Il prezzo annuale nasce da una concertazione pilotata a livello nazionale , che definisce un prezzo in grado di soddisfare produttori e trasformatori (due grandi realtà industriali). La produzione eccedente la quota assegnata alla singola azienda oltre il 3% viene pagata un prezzo estremanente penalizzante.
Il Governo incentiva la produzione di latte estiva e per questo paga un prezzo maggiore per il latte consegnato in estate.
Con questi vincoli si organizza la produzione, passando ad esempio a dalle tre alla due mungiture qualora si stesse andando verso una produzione eccedente la propria quota.
Lo stesso avviene per la gestione delle fecondazioni, con tempi di sospensione programmati per avere una maggiore produzione di latte nei mesi estivi.
Anche la produzione di carne legata alla stalla consente ricavi interessanti, sempre in relazione alla forte autarchia in materia di produzione di alimenti e dal mercato delle carni kosher. Un vitello maschio Holstein è pagato circa 200 euro poco dopo la nascita e circa 450 euro svezzato.
Da parte governativa si stanno incentivando le unioni tra aziende, con vantaggi per chi lo fa. Le più grandi realtà in Israele vanno da 900 a 1200 capi in lattazione.
Molto penalizzante, comprensibilmente, è la questione dell’acqua.
Ogni azienda acquista l’acqua dal locale punto di depurazione. La utilizza, deve raccoglierla e pre-depurarla, quindi avviarla al centro di depurazione e riacquistarla nuovamente depurata.
Tutta l’acqua raccolta dai tetti deve essere raccolta, così come le pendenze della struttura devono consentire la raccolta e il recupero di colaticci e sgrondi.
Tornando al latte, non c’è alcuna produzione particolare paragonabile ai nostro formaggi. Si produce latte per il consumo o formaggi freschi difficilmente definibili.
Questa la realtà attuale, ma ci sono ipotesi e progetti per un allentamento della struttura dirigistica di prezzi e produzioni, con una sorta di liberalizzazione rispetto alla rigidità delle quote attuali.

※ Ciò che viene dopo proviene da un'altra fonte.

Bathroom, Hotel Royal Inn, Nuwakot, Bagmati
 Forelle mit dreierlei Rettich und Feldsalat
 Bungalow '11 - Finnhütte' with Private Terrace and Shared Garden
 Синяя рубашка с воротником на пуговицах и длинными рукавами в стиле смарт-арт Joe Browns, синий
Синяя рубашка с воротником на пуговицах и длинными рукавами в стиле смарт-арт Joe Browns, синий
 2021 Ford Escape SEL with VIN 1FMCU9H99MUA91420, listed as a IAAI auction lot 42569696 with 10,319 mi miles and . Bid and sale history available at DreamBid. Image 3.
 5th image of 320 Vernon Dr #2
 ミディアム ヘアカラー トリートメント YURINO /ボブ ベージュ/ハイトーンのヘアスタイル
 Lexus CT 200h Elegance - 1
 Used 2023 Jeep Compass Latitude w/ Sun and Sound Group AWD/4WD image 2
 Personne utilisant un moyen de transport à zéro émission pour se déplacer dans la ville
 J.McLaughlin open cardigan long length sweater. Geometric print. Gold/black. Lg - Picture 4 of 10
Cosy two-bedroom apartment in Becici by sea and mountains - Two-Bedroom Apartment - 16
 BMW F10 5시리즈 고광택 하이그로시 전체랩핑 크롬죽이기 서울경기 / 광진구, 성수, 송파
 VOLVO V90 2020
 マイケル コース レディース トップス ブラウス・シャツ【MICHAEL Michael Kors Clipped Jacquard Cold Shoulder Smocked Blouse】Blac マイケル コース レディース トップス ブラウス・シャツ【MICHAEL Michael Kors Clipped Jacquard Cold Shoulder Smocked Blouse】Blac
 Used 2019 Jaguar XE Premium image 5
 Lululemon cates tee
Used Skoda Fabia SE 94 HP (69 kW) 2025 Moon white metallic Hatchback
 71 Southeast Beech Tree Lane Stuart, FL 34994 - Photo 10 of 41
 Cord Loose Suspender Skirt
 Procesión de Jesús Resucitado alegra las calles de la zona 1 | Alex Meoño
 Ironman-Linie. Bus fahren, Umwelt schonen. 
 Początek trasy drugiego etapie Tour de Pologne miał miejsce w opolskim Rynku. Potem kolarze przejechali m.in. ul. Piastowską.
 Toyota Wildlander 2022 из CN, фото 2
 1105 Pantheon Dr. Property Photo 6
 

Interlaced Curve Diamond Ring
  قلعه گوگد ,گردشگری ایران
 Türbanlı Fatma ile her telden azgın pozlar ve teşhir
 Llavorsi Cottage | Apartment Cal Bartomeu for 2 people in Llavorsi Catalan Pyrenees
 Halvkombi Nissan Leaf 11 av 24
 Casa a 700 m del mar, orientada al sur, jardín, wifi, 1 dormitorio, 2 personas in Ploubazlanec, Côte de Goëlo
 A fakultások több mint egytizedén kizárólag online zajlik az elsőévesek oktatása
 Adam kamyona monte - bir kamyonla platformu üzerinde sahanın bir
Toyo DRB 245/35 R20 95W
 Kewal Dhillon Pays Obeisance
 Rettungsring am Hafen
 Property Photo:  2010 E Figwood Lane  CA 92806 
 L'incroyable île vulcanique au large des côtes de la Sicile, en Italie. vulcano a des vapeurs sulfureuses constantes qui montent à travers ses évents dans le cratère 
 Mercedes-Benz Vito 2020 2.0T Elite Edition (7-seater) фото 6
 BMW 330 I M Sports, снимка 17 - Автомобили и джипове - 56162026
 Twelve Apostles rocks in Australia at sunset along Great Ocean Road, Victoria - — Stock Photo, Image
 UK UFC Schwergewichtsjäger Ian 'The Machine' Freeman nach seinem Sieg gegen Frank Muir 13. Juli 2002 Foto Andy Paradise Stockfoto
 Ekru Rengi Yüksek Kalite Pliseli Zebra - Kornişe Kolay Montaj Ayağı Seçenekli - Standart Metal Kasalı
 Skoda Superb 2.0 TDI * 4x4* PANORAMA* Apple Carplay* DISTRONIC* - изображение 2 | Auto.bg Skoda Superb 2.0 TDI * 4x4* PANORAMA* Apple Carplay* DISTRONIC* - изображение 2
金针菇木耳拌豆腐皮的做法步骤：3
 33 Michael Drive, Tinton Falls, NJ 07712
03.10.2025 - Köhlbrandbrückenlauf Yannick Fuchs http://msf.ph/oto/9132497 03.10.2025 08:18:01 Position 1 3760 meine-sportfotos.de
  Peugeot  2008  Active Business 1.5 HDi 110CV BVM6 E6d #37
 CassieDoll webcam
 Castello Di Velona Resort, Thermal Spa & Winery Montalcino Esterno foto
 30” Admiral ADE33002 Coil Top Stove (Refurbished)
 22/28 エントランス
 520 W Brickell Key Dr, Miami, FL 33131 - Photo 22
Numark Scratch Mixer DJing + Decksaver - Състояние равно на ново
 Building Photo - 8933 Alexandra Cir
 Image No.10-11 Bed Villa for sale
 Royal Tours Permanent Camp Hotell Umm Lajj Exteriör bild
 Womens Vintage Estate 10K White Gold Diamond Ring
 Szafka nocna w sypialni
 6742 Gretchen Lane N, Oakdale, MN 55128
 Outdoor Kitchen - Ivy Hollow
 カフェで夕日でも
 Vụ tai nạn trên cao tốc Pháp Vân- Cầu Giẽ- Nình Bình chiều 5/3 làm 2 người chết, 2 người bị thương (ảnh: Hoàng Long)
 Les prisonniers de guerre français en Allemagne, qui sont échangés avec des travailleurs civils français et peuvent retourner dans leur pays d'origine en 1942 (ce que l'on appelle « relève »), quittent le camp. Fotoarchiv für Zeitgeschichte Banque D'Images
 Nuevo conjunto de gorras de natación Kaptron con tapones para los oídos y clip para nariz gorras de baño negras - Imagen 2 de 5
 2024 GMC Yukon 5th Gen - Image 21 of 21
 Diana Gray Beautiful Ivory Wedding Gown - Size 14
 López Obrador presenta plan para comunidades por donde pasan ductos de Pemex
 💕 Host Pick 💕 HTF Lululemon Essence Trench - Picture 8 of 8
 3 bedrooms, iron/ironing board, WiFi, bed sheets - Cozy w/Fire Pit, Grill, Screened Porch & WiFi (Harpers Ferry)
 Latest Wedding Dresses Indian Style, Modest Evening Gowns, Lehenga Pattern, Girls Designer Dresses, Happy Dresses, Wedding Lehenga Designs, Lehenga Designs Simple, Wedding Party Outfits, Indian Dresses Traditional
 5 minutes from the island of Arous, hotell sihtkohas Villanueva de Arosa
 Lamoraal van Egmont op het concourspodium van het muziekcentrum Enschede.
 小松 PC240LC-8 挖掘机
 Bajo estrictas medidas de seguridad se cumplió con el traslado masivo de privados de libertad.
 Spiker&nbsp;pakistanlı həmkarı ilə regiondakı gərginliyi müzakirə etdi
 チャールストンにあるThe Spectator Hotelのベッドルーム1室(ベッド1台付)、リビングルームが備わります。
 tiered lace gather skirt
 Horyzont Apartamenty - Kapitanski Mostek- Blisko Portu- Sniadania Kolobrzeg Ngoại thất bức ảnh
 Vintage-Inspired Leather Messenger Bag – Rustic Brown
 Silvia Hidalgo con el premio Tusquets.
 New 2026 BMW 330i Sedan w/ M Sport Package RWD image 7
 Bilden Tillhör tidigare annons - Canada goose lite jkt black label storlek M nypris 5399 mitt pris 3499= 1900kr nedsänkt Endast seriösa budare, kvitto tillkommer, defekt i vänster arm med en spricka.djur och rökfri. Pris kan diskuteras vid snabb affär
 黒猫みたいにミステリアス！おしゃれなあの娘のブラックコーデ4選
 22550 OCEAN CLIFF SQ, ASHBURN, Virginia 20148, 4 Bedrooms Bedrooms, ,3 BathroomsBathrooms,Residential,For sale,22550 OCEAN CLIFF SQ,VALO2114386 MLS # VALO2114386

Se questo dovesse accadere assisteremmo sicuramente a un’accelerazione di vari processi tutti da analizzare, cose viste da noi con la fine delle quote.
Diventerebbe inevitabile la spinta alle massima produzioni e le oscillazioni del prezzo avrebbero un peso inevitabile sui conti delle stalle, dove il livello di efficienza medio è già molto alto. Uno scenario, qualora si realizzi, che renderà interessante vedere quali risposte darà il pragmatismo dei produttori israeliani.
Riflessione: un sistema chiuso si dimostra in grado di salvaguardare il reddito molto di più di un sistema totalmente aperto, nel quale il livellamento al minimo dei prezzi è inevitabile. Ecco perché per l’Italia il sistema delle Dop è un capolavoro da difendere e rafforzare, dato che di fatto rappresenta un frammento di mercato chiuso e protetto nel mare degli scambi liberi e senza frontiere.